Apparent Assassination Latest in Spate of Targeted Attacks against Kurdish Peace Activists
NEW YORK, N.Y.—Project 2015 on Nov. 28 condemned the apparent assassination of Tahir Elçi, a prominent lawyer and Kurdish human rights activist who headed the Diyarbakir Bar Association. An unknown assailant reportedly shot Elçi with a bullet to the head while the latter was delivering remarks at a press conference in Diyarbakir that called for an end to the ongoing clashes between Kurdistan Workers’ Party (PKK) armed groups and Turkish security forces.
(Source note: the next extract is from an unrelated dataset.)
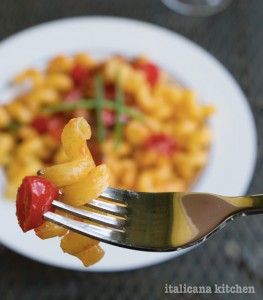 Tortiglioni with anchovies, radishes and tomatoes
“We join the international community in mourning the murder of one of Turkey’s leading human rights activists, who advocated not only for Kurdish rights but also for the rights of the Armenian community in their quest for justice for the genocide,” said Nancy Kricorian, Project 2015 Board member. “We hope the Turkish government will do a better job investigating and prosecuting those responsible for this crime than they have the murder of Hrant Dink.”
Elçi led the first commemoration of the Armenian Genocide in Diyarbakir in 2013, remarking at the time: “Today, we commemorate the genocide in Diyarbakir for the first time. This is a very important day for us. We bow respectfully before the memory of our Armenian brothers who were murdered in 1915, and condemn the genocide.”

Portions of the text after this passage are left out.